World over the search for “green shoots” of recovery is on as politicians, policy makers, economists and the public at large look to signs that suggest that the recession is behind us. India is no exception. Witness the celebration when the Central Statistical Organisation (CSO) released on September 1 its GDP estimates for the April-June 2009 quarter which point to a slightly higher quarter-on-quarter rate of growth. The message that the government and sections of the media have read into those estimates is that the Indian economy is on the path to recovering from the deceleration in growth it has been experiencing from the last quarter (January-March) of 2007-08, and returning to the 9 per cent rate recorded prior to that.

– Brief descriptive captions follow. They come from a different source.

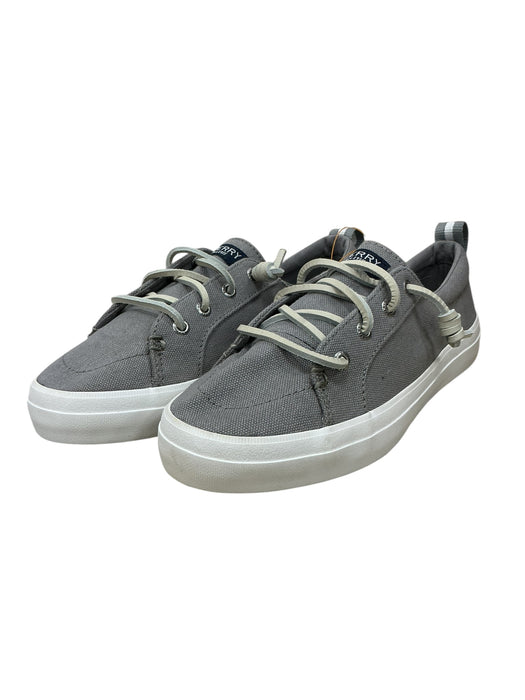 Tenis 6 (SPERRY)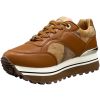 SNEAKERS GEO RUNNING N22920289X014 ALVIERO MARTINI 1A CLASSE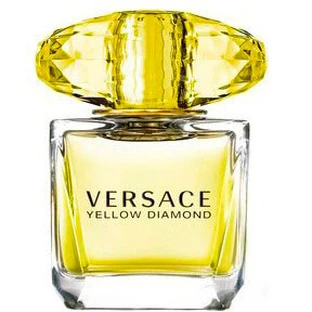 VERSACE GELB DIAMANT EDT 30 V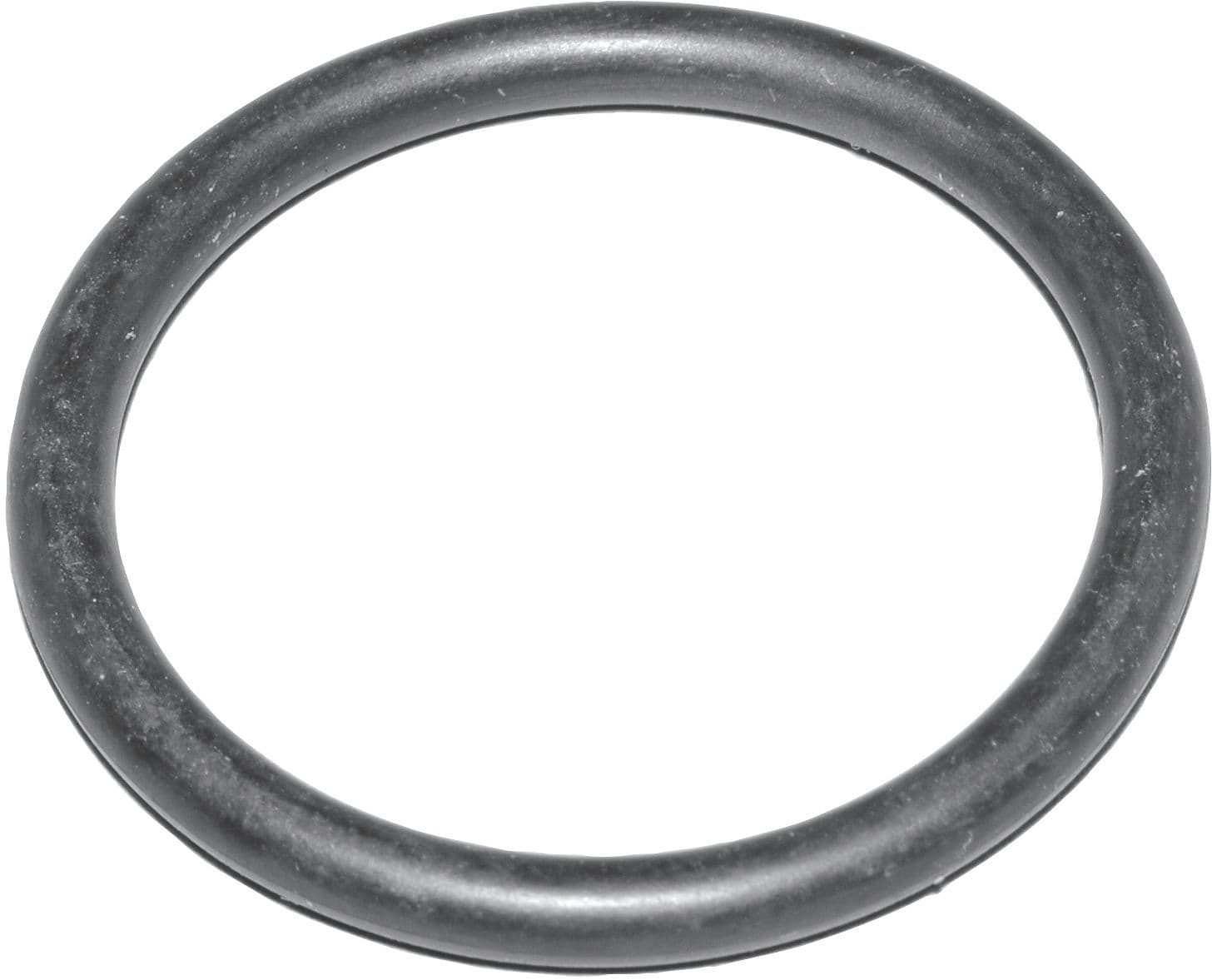 JOINT O-RING POUR BOILER GAZ OPTIMA ARISTON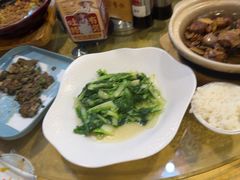 -202特色排档(五缘湾店)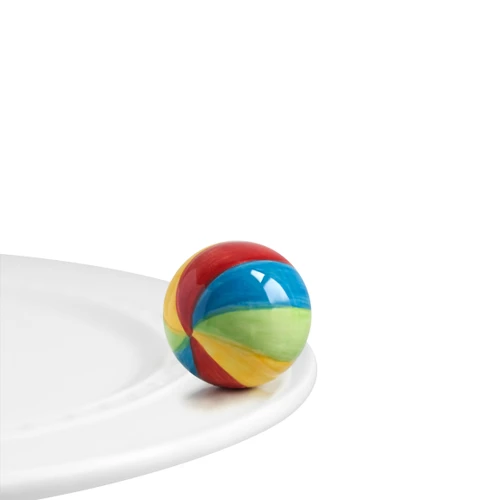 Have a Ball mini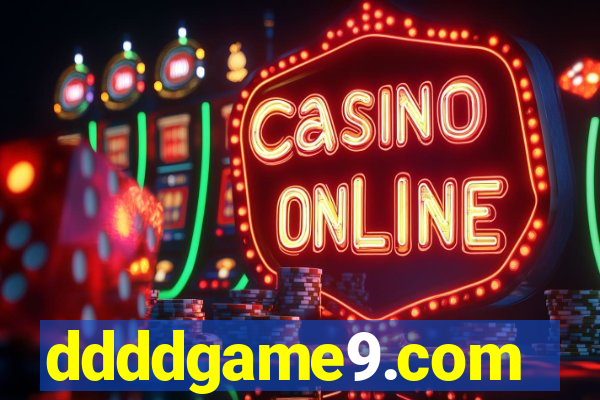 ddddgame9.com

However, a closer look at the figures indicates that the recovery is by no means strong or even definitive. Thus, comparing growth in the first quarter of 2009-10 with that in the two immediately preceding quarters (refer press note issued by the CSO on May 29), we find that GDP growth has only marginally risen from the 5.8 per cent recorded in both those quarters to 6.1 per cent during April-June 2009. If past experience is any guide this one-third of a percentage point difference could even disappear when revisions of the provisional figures are made at later dates. Thus what can at best be inferred from those figures is that the downturn has bottomed out. But there is nothing as of now to prevent the system from bouncing along the bottom. Even Planning Commission Deputy Chairman, Montek Singh Ahluwalia’s statement that the “worst is over” may be optimistic, if all we have is a trend in which the rate of growth does not fall further.

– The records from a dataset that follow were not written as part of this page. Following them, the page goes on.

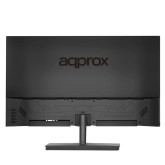 MONITOR APPROX 22" FHD 120HZ/4MS/MULTIME/LED NEGRO APPM22BV3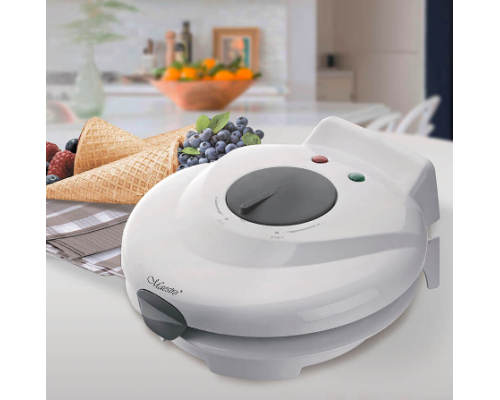 Вафельниця MR-716 750 Вт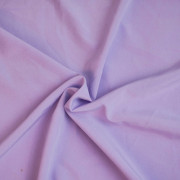 LILAC - viscose woven fabric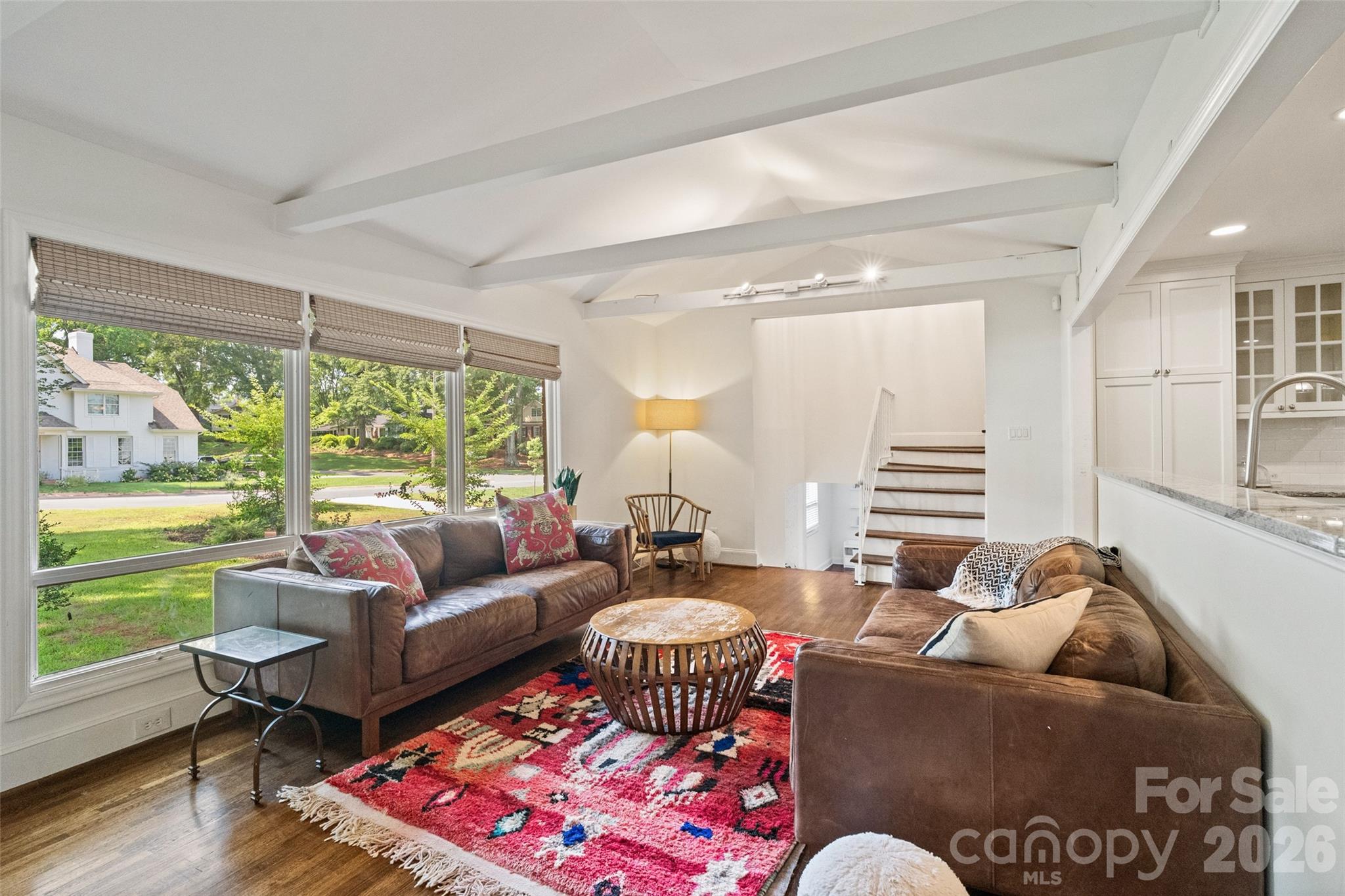 2911 Arundel Drive Property Photo 14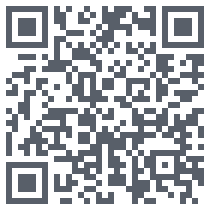 Diana CDA QRcode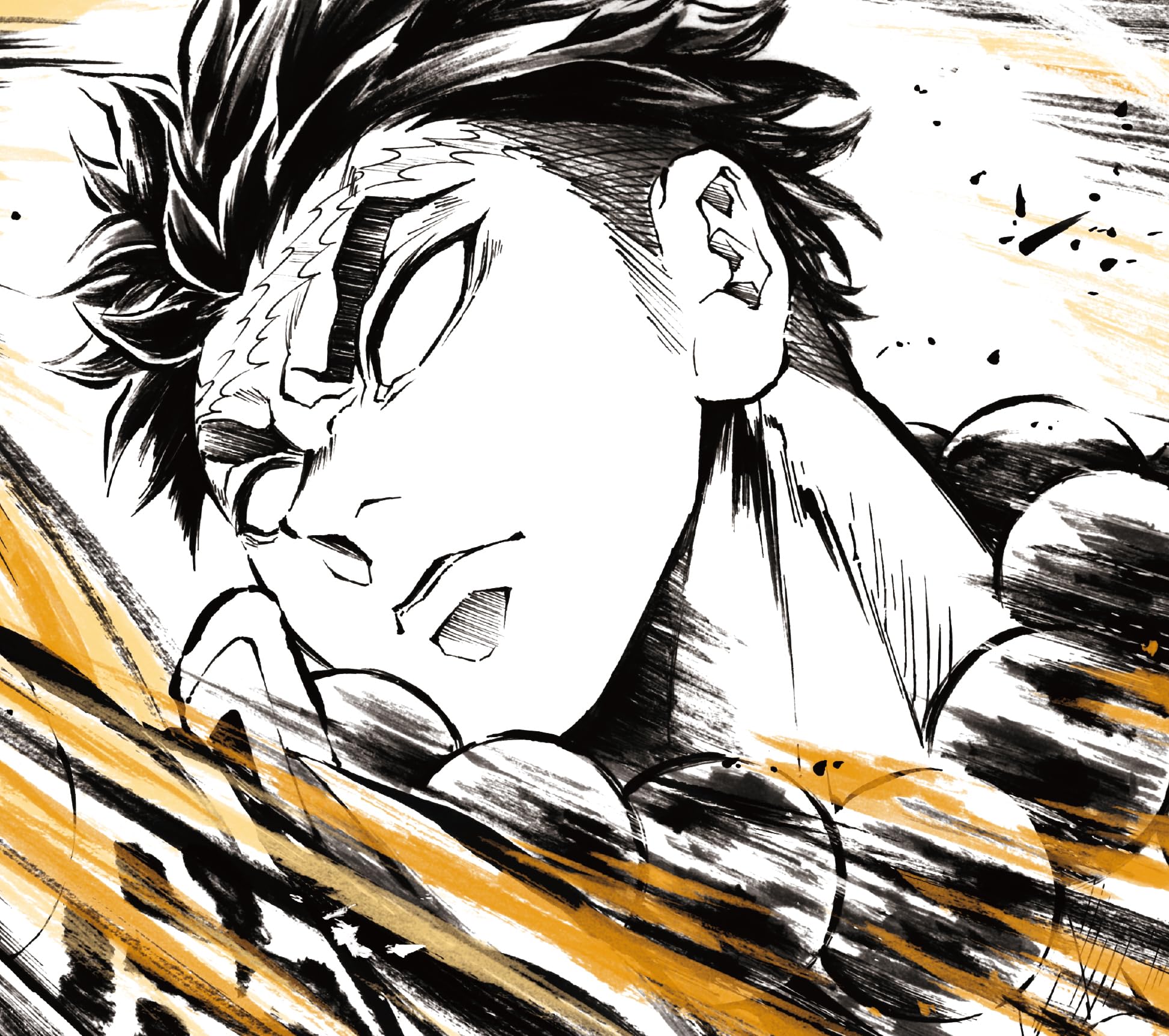 Demon Slayer: Kimetsu no Yaiba Hashira Training Arc Original Soundtrack CD NEW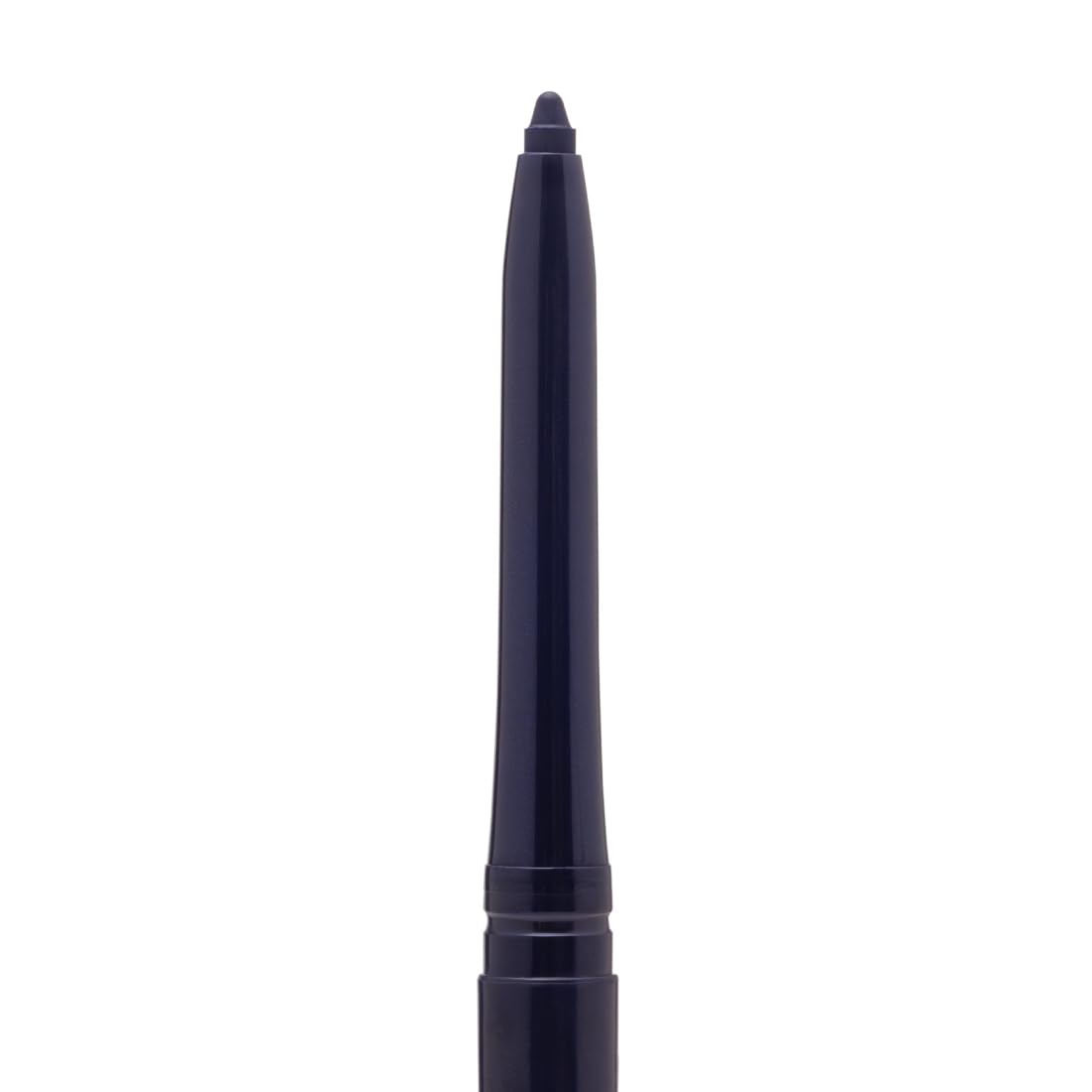 Palladio Retractable Waterproof Eyeliner, Richly Pigmented Color and Creamy, Slip Twist Up Pencil Eye Liner, Smudge Proof Long Lasting Application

There are three reasons why we need to be cautious. First, this stagnation at the bottom comes after many rounds of intervention in which credit supply has been eased, interest rates have been dropped, taxes have been reduced, and government expenditure has been significantly increased. Public expenditure increases have been large not just because of the stimulus measures aimed at addressing the recession, but also because of previously committed expenditures such as the payment of higher public sector salaries and arrears associated with the implementation of the Sixth Pay Commission recommendations. In the immediate future, spending is likely to grow at a slower pace, especially because of the concerns over the budgetary deficit being expressed by fiscal conservatives. Lower public spending inevitably leads to lower growth.
Second, the poor monsoon bordering on widespread drought is bound to adversely affect agricultural growth in the immediate future and over the financial year as a whole. The deficiency in rainfall has been high in those states which contribute a substantial share of total rice surpluses. Punjab, Andhra Pradesh, Uttar Pradesh and Chhattisgarh, which contributed close to three-fourths of all rice procured during 2007-08 marketing year, have experienced deficiencies in rainfall in the 30 to 60 per cent range. This would dampen, if not cap, any trend of recovery.

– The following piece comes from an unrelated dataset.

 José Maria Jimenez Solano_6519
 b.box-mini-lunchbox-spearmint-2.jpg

Finally, there seems to be little support as yet from the world economy with India’s exports in July falling for the tenth successive month by a large 28 per cent relative to July of the previous year. Over the first four months of the current fiscal year exports have fallen by 34.1 per cent, offering little hope of recovery in the export sectors of the economy.
Put these together and there is ample reason to be cautious when predicting that a sufficiently robust recovery is around the corner. But the need to talk up the economy is discouraging such caution. The Planning Commission for example expects growth in 2009-10 to touch or exceed 6.3 per cent (as compared with 6.7 per cent in 2008-09). This is reportedly based on the understanding that agricultural GDP will fall by just 2.5 per cent despite the severe drought. Once this year’s growth is seen to more or less hold near last year’s levels, optimistic predictions of a rise to 8 per cent in 2010-11 and 9 per cent in 2011-12 follow. Optimism of that kind is fine so long as it does not result in complacency. For complacency, in turn, could lead to a slackening of the effort not just to keep growth going but to deliver it in sectors and among sections that have been hard it during and before the current slowdown.